En la cultura musulmana, El Corán ofrece descripciones detalladas del jardín eterno, que es “tan amplio como el cielo y la tierra y en cuyas tierras bajas fluyen riachuelos”, en donde hay “árboles sin pinchos que dan sombra”, con “frutas que cuelgan a ras de suelo” y en el que “habrá buenas [mujeres], bellas, huríes retiradas en los pabellones, no tocadas por hombre ni genio”.
En el Libro de los muertos de los egipcios se lee que “la muerte era facultadora de la trascendencia, por lo que le daba significado a la vida”, explicó el investigador. Al igual que el Bar do todol, en el Tíbet, que “le muestra al alma una serie de rituales para que finalmente logre remontar del inframundo, y cuando lo consigue, se encuentra a un montón de parejas copulando y elige en qué útero reencarnar. Sin embargo, las que han alcanzado el conocimiento y que resisten esa última tentación, se elevan hacia la liberación última: el nirvana, que aunque no es el paraíso, es una unión plena con el ser”.
Las religiones o filosofías mantienen arquetipos elementales como una respuesta a las no respuestas: la creación y la muerte. Continuó el investigador mencionando que las explicaciones van desde la adopción del principio hermético universal de causa y efecto, aplicado a las decisiones tomadas en la vida y que será un reflejo de lo que ocurra después de la misma, hasta la fiel creencia en un mundo divino y trascendental.

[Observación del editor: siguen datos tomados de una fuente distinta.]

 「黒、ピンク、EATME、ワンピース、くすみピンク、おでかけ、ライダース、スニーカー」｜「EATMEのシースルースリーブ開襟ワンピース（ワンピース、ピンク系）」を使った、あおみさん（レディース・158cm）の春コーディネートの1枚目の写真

La vida es sólo el tránsito hacia la muerte, y la muerte la puerta hacia la plenitud, pero esa plenitud es condicional: si las personas cumplieron las normas que rigen la fe que se profesa habrá dicha eterna, de lo contrario, el alma estará condenada al sufrimiento, también eterno, y que generalmente tiene lugar bajo la tierra, el punto opuesto al paraíso.

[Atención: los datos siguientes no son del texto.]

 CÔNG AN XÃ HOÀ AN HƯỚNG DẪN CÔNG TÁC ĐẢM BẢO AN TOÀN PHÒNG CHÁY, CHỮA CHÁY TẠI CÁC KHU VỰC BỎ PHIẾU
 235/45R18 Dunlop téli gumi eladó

Estas son algunas de las coincidencias desde las civilizaciones precristianas en el cercano Oriente, hasta las religiones contemporáneas en América, surgidas de la mezcla de las creencias prehispánicas y las manifestaciones impuestas por la religión castiza.
Un ejemplo es la Santa Muerte, comentó el maestro Acosta: “No es extraño que se asocie a la representación de la muerte con la guadaña, que es con lo que se siega el campo, se trilla en los solares, para extraer el trigo y puedan volver a ser cultivados”, que constituye una alegoría del renacer.
La mística de los mayas manifiesta esos arquetipos universales en su libro sagrado Popol Vuh, que describe tres destinos diferentes para los muertos: el inframundo, llamado Xibalbá, donde el alma desciende hacia el subsuelo; un paraíso medio en uno de los cielos, en el que corre leche y miel, y la tercera morada está en el cielo séptimo, el más alto, al que van los que han pasado una temporada en el inframundo: los fallecidos en la guerra y las mujeres que murieron durante el parto.
El pueblo mexica tuvo un sentido de la muerte y la religiosidad muy acendrado. “Para ellos la manera de morir determinaba tu reaparición en las esferas trascendentes o supramundanas. Para ellos era importante morir combatiendo o en las piedras de sacrificio. Eso garantizaba que tu alma sería acogida por los dioses”.
Las semejanzas en la percepción de lo místico, comenta el maestro que podrían tener una explicación en otro de los principios universales: la renovación, tocar fondo para resurgir como el ave fénix. “Si no hubiera muerte, habría una saturación ontológica, se llenaría el mundo de seres inmortales y esto impediría al ciclo cósmico recontinuar. Para que el campo pueda volver a ser cultivado se tiene que segar”.